Dual-mode mid-infrared plasmonic metasurface for real-time label-free analysis of live cells

Real-time, label-free monitoring of living cells is a central goal in biosensing, and mid-infrared spectroscopy is uniquely suited to this task because it directly probes the vibrational fingerprints of biomolecules within cells. However, its use in live-cell analysis is limited by weak absorption signals and strong water background. Here, we introduce a double-resonant plasmonic metasurface composed of gold rod-shaped nanoantennas specifically engineered to overcome these limitations. This metasurface provides two complementary spectral readouts: (i) a strong plasmonic resonance matched to the amide I–II vibrational bands of proteins, and (ii) a sharp reflectance dip around 1900 cm−1 optimized for refractive-index mass sensing via plasmonic redshift. Initial validation with red blood cell sedimentation showed sensitivity to time-dependent refractive index variations corresponding to ∼3.5 ng of deposited material. We then applied this technology to a clinically relevant model, monitoring SAS oral squamous carcinoma cells treated with 18β-glycyrrhetinic acid, a natural compound with pro-apoptotic effects.
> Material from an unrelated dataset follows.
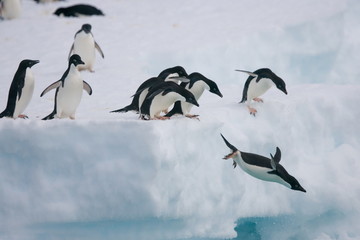 Adelie penguins fly off of an iceberg in Antarctica - 266841384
Treatment resulted in a clear decrease in both the plasmonic redshift signal and the integrated amide absorption, consistent with biophysical and biochemical alterations associated with apoptosis. Spectral deconvolution of the amide I region revealed specific shifts in protein secondary structures, including a decrease in α-helical content, further supporting apoptosis-related molecular changes. These findings show that our plasmonic metasurface can sensitively monitor real-time cellular responses, supporting applications in drug screening, spectral biomarker discovery, and opening new opportunities in cell-based diagnostics and biosensing.